Vendors serve Tang Hulu on a bamboo skewer, still warm, allowing the sugar shell to crack slightly when bitten. It is usually eaten on the spot, sometimes with a small paper cup of hot tea to balance the sweetness.

cultural
Q

During which Chinese celebrations is Tang Hulu especially popular?

A

Tang Hulu is a staple during the Lunar New Year, the Lantern Festival, and winter temple fairs, where its bright red color symbolizes good luck and prosperity.

cultural
Q

What authentic ingredients are essential for traditional Tang Hulu versus modern substitutes?

A

Authentic Tang Hulu uses fresh hawthorn berries, granulated cane sugar, and sometimes maltose for a softer glaze. Modern substitutes may include dried fruit, brown sugar, or corn syrup, which alter the flavor and texture but still produce a tasty result.

cultural
Q

What other Chinese snacks pair well with Tang Hulu?

A

Tang Hulu pairs nicely with roasted chestnuts (烤栗子), candied lotus seeds (糖莲子), and hot soy milk (豆浆) for a balanced sweet‑savory street‑food experience.

cultural
Q

What makes Tang Hulu special compared to other Chinese sweets?

A

Tang Hulu’s signature cotton‑candy‑like sugar threads created by the spinning technique give it a light, airy texture that contrasts with the firm fruit inside, making it both visually striking and uniquely textural.

cultural
Q

What are the most common mistakes to avoid when making Tang Hulu at home?

A

Common errors include overheating the syrup (causing bitterness), using wet berries (preventing adhesion), and spinning too slowly (resulting in thick, clumpy sugar).

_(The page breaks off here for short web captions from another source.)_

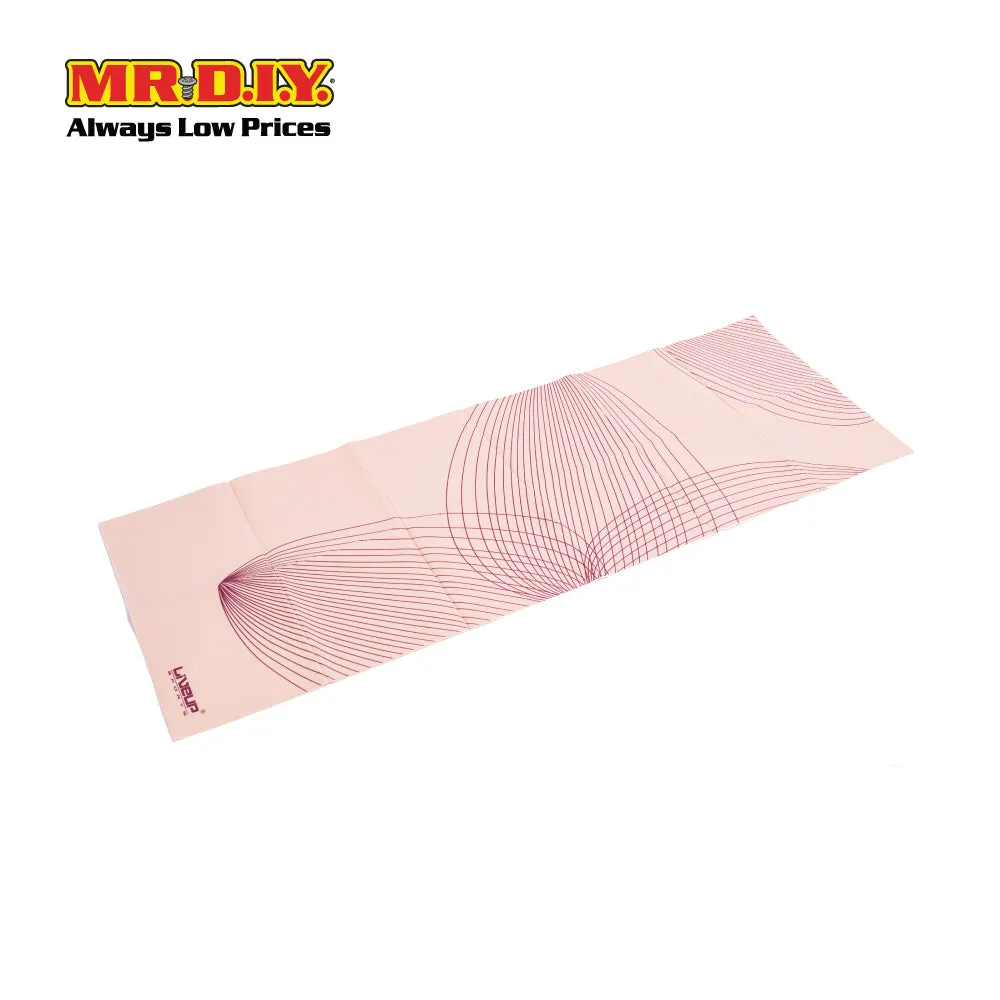 LIVEUP Sports PVC Travel Foldable Yoga Mat (173cm) LS3290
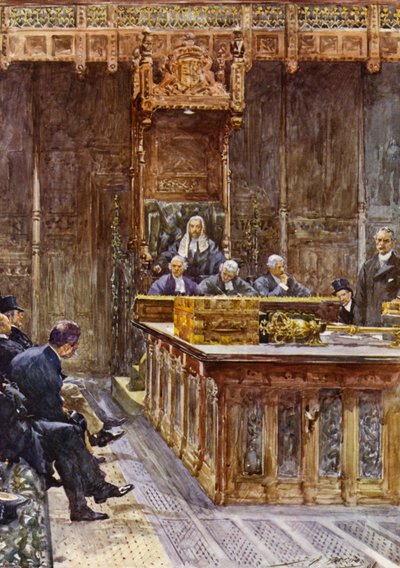 O orador da Câmara dos Comuns (cor litho) de John Henry Frederick (after) Bacon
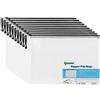 ipow 10pcs Sacchetto di Zip Impermeabile A4,Borse di File Mesh con Cerniera,Busta Sacchetto Portadocumenti per Uffici,Busta Plastica Trasparente per Cosmetici Forniture Archivio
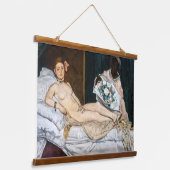 エドアルドマネ – オリンピア 吊り下げ型タペストリー (傾斜あり)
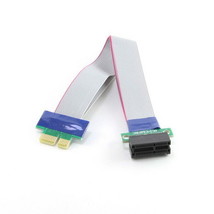 Pci-Express Pci-E 1X Riser Card Ribbon Extender Extension Flex Relocate Cable - £12.78 GBP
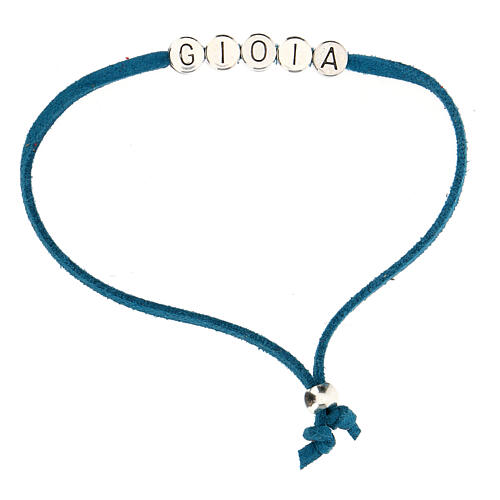 Gioia bracelet of light blue alcantara 1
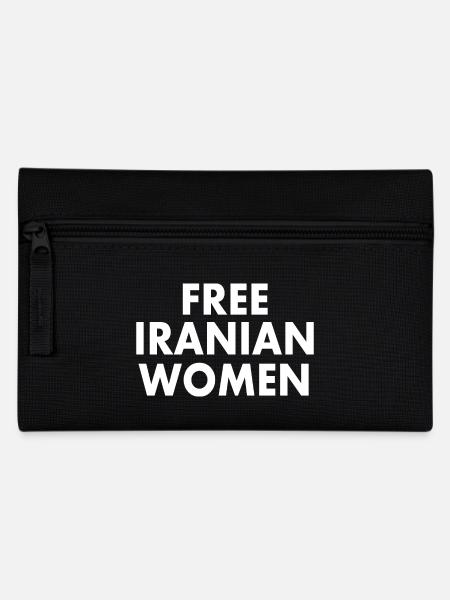 Free iranian women - Federtasche - Schwarz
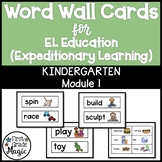 EL Education Word Wall Cards Module 1 Kindergarten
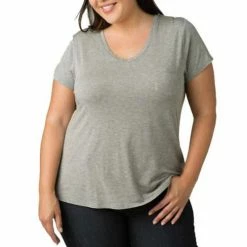 Shirts Women's PrAna Plus Foundation Short Sleeve Shirt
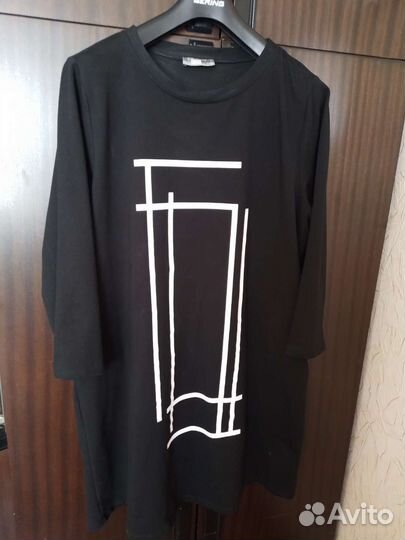 Платье туника большой размер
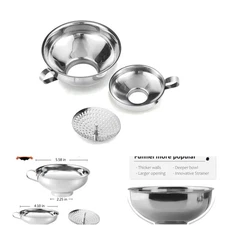 Canning Funnel with Strainer for Wide and Regular Mason Jars - Wide-Mouth Fun...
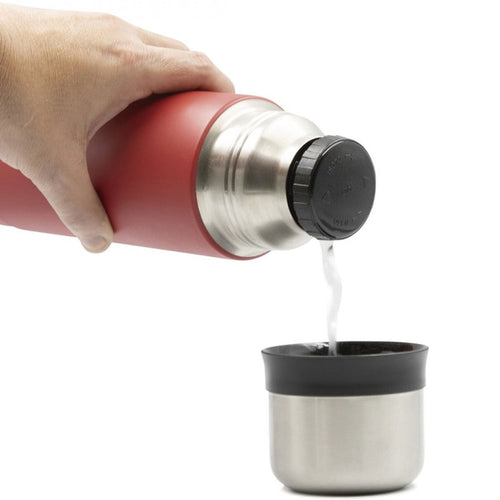 Laken Steel 18/8 Cup Thermos Butulca With Gap, 0.75L - Red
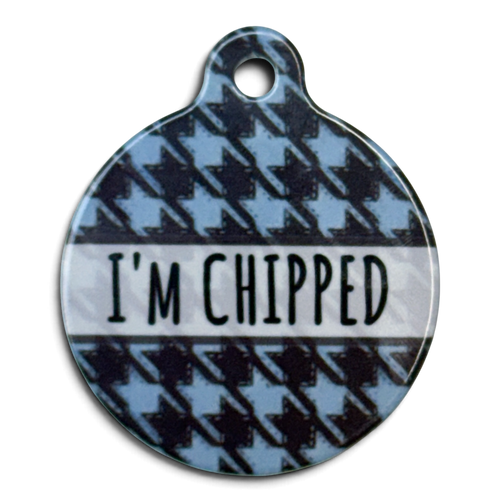 ID Tag - Horizon Houndstooth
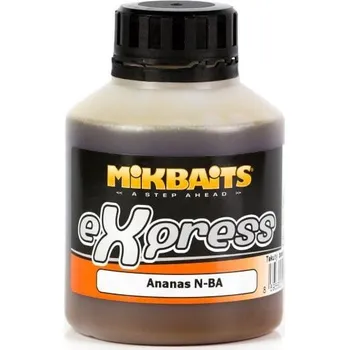 Nástraha Booster Mikbaits Express 250ml Půlnoční Pomeranč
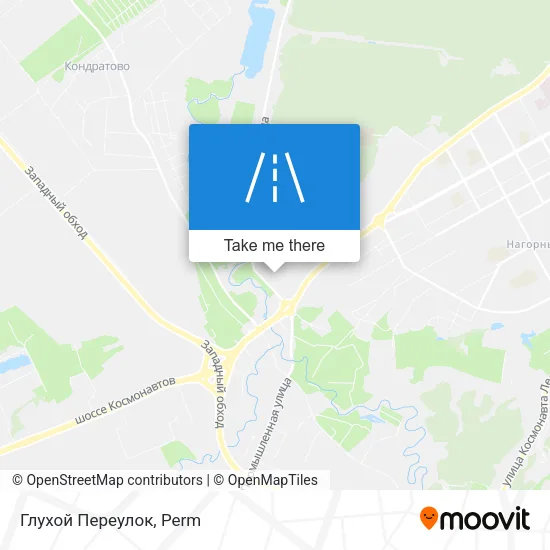 Глухой Переулок map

Follow the hard‑crack temperature and ensure berries are dry for best results.

technical
Q

Why does this Tang Hulu recipe use a hard‑crack stage instead of a soft‑ball stage?

A

The hard‑crack stage (150 °C) creates a brittle shell that can be flung into thin threads when spun, giving the characteristic fluffy coating. A softer stage would produce a chewy glaze that cannot be spun into cotton‑candy strands.

technical
Q

Can I make Tang Hulu ahead of time and how should I store it?

A

You can skewer the berries up to a day ahead and keep them refrigerated, but coat them with the hot syrup just before serving. Once coated, store in an airtight container at room temperature for up to 3 hours; refrigeration may cause the sugar to become sticky.

technical
Q

What texture and appearance should I look for when making Tang Hulu?

A

The finished Tang Hulu should have a glossy, deep‑red shell with fine, wispy sugar threads that look like cotton candy. The coating should be crisp to the bite yet shatter easily, revealing the juicy tart fruit inside.

technical
Q

How do I know when the Tang Hulu is done cooking?

A

When the syrup reaches 150 °C (hard‑crack) and forms a clear, amber liquid, it is ready. A quick test is to drop a tiny drop into cold water; it should harden instantly into a brittle thread.

technical
Q

What does the YouTube channel WonderBites specialize in?

A

The YouTube channel WonderBites focuses on creative, visually striking street‑food recipes from around the world, offering step‑by‑step tutorials that emphasize fun techniques and easy‑to‑follow instructions for home cooks.

channel
Q

How does the YouTube channel WonderBites' approach to Chinese cooking differ from other Chinese cooking channels?

A

WonderBites highlights playful, eye‑catching methods—like the spinning technique for Tang Hulu—while many traditional Chinese cooking channels focus on classic home‑cooking methods. WonderBites blends cultural authenticity with modern presentation tricks.